In several applications, such as machine learning, the following setup arises:
Let $V$ denote a function space equipped with the following inner product $ \langle f, g\rangle = \sum_{i=1}^{m} f(x_{i}) g(x_{i}),$ where the functions are real-valued and we only observe the image of $x_{i}$ for $i=1,2,\dots,m.$ Now, define a functional $\ell : V \to \mathbb{R}$ by $\ell(f) = \sum_{i=1}^{m} l(y_{i},f(x_{i})),$ where the $y_{i}$ denote some fixed real numbers and $l$ is usually assumed to be convex and differentiable in the second argument, such as the quadratic error $l(y_{i},f(x_{i})) = (y_{i} -f(x_{i}))^{2}.$
Typically, this functional is treated as a function of $m$ real variables based on the right-hand side. So, the functional gradient is treated as an element of $\mathbb{R}^{m},$ i.e., $$\nabla \ell (f) = \begin{pmatrix} \frac{\partial \ell(f)}{\partial f(x_{1})} \\ \frac{\partial \ell(f)}{\partial f(x_{2})} \\ \vdots \\ \frac{\partial \ell(f)}{\partial f(x_{m})} \end{pmatrix} \in \mathbb{R}^{m}.$$
Now, what I want to compute is $\sum_{i=1}^{m} \frac{\partial \ell(f)}{\partial f(x_{i})} g(x_{i}).$ Can this be written as $ \langle \nabla \ell (f), g \rangle,$ or, do I need to consider the standard inner product, i.e., dot product, on $\mathbb{R}^{m},$ where $g$ would be a vector with components $g(x_{i})$ for $i=1,2,\dots,m?$
Part of my confusion with $ \langle \nabla \ell (f), g \rangle$ is that I don't know how to check the right-hand side of the definition: is $\nabla \ell (f)$ an element of $V?$
Of note, sometimes this is done with the Gateaux derivative, but I am less familiar with this type of derivative. Also, the main aim is to get to gradient descent, which explains the simplification to finite-dimensions.

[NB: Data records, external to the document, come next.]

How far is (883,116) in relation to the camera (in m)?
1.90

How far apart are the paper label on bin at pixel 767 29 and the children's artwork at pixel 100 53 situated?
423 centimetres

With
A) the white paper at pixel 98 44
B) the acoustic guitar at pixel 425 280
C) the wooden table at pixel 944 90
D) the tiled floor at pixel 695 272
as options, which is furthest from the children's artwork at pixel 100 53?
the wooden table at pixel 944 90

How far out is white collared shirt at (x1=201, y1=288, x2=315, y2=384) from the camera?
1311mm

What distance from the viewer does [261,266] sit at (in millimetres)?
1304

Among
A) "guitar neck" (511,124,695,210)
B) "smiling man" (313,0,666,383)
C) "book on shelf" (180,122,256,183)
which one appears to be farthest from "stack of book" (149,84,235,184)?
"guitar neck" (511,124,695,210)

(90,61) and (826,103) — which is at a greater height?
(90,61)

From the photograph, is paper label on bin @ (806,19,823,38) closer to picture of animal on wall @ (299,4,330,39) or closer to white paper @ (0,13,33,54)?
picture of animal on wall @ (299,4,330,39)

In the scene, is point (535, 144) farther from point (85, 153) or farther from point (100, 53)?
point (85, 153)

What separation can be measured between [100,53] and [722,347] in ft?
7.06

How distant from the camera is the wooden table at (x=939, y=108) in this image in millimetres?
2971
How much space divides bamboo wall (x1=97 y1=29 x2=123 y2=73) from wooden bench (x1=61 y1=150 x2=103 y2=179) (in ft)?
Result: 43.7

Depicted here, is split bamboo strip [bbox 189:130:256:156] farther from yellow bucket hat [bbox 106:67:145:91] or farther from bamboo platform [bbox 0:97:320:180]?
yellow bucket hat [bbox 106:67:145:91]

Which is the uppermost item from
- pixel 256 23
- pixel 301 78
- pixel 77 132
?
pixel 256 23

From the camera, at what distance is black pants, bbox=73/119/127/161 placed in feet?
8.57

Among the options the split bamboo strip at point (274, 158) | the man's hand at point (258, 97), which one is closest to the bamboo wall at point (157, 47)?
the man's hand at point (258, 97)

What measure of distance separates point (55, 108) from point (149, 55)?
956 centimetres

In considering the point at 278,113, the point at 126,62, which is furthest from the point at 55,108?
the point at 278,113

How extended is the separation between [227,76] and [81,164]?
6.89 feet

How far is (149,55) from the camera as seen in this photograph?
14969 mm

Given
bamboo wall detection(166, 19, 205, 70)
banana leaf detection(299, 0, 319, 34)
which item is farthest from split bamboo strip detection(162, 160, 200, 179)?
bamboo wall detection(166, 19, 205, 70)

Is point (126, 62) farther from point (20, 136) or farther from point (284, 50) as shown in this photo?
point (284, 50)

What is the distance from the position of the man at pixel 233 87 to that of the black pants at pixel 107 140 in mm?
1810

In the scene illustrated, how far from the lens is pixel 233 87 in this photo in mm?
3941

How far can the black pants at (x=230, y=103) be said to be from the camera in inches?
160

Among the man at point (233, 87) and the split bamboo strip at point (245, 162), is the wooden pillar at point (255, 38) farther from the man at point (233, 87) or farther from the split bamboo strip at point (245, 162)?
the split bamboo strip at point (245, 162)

Actually, I think the Gateaux derivative is probably the best way to understand this. But few people teach multivariable calculus so that Gateaux derivatives are an obvious generalization. :(
The key point to understand is that derivatives aren't really a number, they're a best linear approximant. In calculus, you usually see $$f(x)=f(x_0)+f'(x_0)(x-x_0)+\dots$$ where $f'(x_0)$ is a number. In multivariable calculus, this turns into $$\vec{f}(\vec{x})=\vec{f}(\vec{x_0})+(\mathcal{D}\vec{f})(\vec{x_0})(\vec{x} - \vec{x_0})+\dots$$ where $(\mathcal{D}f)(x_0)$ is a matrix. This is because, in each case, the derivative is trying to write $f$ as a constant plus a linear part. A linear function from $\mathbb{R}^1$ to $\mathbb{R}^1$ is just multiplication by a number; a linear function from $\mathbb{R}^m$ to $\mathbb{R}^n$ is multiplication by a matrix.

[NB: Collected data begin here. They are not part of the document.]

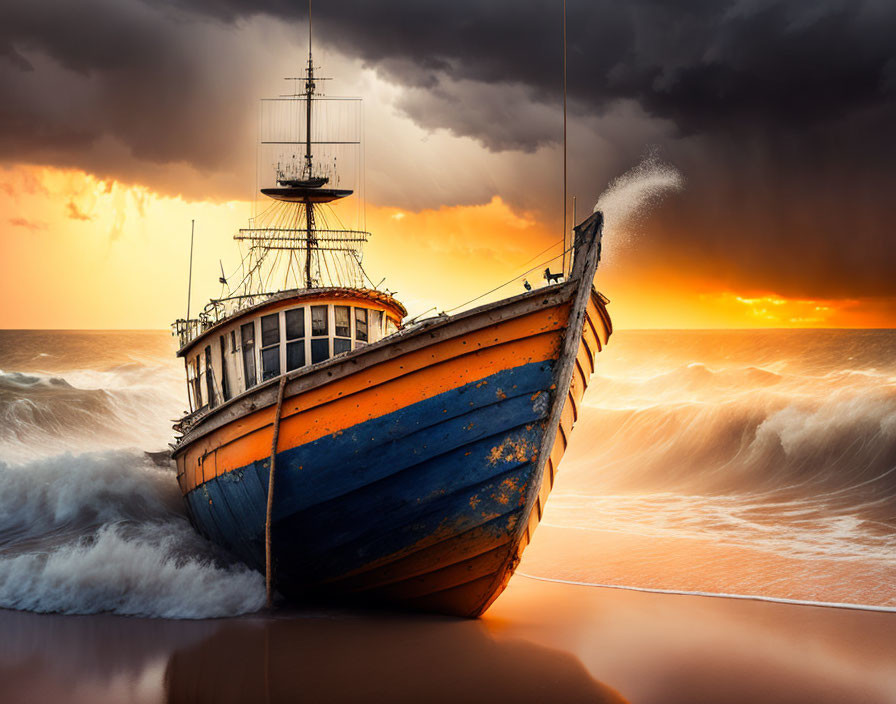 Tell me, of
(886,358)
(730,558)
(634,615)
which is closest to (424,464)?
(634,615)

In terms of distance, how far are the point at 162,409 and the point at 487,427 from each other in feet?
90.4

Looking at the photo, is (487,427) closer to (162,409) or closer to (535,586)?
(535,586)

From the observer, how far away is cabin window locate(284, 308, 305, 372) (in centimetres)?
880

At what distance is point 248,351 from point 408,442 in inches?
123

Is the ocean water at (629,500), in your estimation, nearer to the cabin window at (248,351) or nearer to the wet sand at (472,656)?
the wet sand at (472,656)

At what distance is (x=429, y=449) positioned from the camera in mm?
7039

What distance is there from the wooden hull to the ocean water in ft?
5.07

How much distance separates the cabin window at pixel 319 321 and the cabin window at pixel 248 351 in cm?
82

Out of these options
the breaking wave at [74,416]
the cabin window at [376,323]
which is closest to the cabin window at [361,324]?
the cabin window at [376,323]

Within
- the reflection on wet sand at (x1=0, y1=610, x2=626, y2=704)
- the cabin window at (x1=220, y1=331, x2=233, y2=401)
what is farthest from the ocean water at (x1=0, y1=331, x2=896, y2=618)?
the cabin window at (x1=220, y1=331, x2=233, y2=401)

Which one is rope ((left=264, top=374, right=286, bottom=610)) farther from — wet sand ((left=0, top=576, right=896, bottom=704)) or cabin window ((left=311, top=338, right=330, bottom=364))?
cabin window ((left=311, top=338, right=330, bottom=364))

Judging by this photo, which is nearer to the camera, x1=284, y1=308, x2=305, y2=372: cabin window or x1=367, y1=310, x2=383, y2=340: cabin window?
x1=284, y1=308, x2=305, y2=372: cabin window

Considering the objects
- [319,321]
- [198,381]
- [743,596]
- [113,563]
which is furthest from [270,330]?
[743,596]

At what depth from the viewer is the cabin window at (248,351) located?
358 inches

You've also seen in linear algebra that a matrix representation is always just a sort of convenience for arithmetic: the same transformation has different representations in different bases. So maybe we should instead write that expansion in terms of the underlying linear transformation: $$\vec{f}(\vec{x})=\vec{f}(\vec{x_0})+\mathcal{D}(\vec{f})(\vec{x_0})(\vec{x} - \vec{x_0})+\dots\tag{1}$$ where $\mathcal{D}(\vec{f})(\vec{x_0})$ is the corresponding linear transformation. Now (1) is nicely coordinate-independent.
Of course, nobody writes that, because those parentheses are insane. But if we take a step back, we can see that each of those parenthesis is serving a purpose:
Putting it together, $$\mathcal{D}\in C^{\infty}\to(\mathbb{R}^m\to(\mathbb{R}^m\to\mathbb{R}^n))$$ In your case, the gradient, $n=1$, so we can just write: $$\nabla\in C^{\infty}\to(\mathbb{R}^m\to(\mathbb{R}^m\to\mathbb{R}))$$ There's a convenient notation for this: for a vector space $V$, let $V^*$ be the space of linear functions $V\to\mathbb{R}$. Then \begin{gather*} \nabla\in C^{\infty}\to(\mathbb{R}^m\to(\mathbb{R}^m)^*) \\ \nabla l\in\mathbb{R}^m\to(\mathbb{R}^m)^* \\ (\nabla l)(f)\in(\mathbb{R}^m)^* \end{gather*}
So what is this $V^*$? Well, recall that the defining characteristic of a Hilbert space is an inner product. This inner product gives you a way to turn elements of $v$ into elements of $V^*$: if $v\in V$, then $(w\mapsto\langle v,w\rangle)\in V^*$. (In coordinates, this is the transpose.) In fact, the transpose goes both ways: all the elements of $V^*$ are of this form. So it's common to identify $V$ with $V^*$ (although you cannot do this if you have more than one Hilbert space at once). Once you identify $V$ with $V^*$, then your inner product can take two elements of $V$…or an element of $V$ and an element of $V^*$…or an element of $V^*$ and an element of $V$…or two elements of $V^*$. In the $V^*\times V$ case, you can unravel what I said above to get $$\langle\phi,v\rangle=\phi(v)$$
Based on (1), what you want to show is actually $$(\nabla l)(f)(g)=\sum_j{\frac{\partial l(f)}{\partial f(x_j)}g(x_j)}$$ But nobody writes that, because we're allergic to parentheses, and we write the equivalent $$\langle(\nabla l)(f),g\rangle=\sum_j{\frac{\partial l(f)}{\partial f(x_j)}g(x_j)}$$ instead.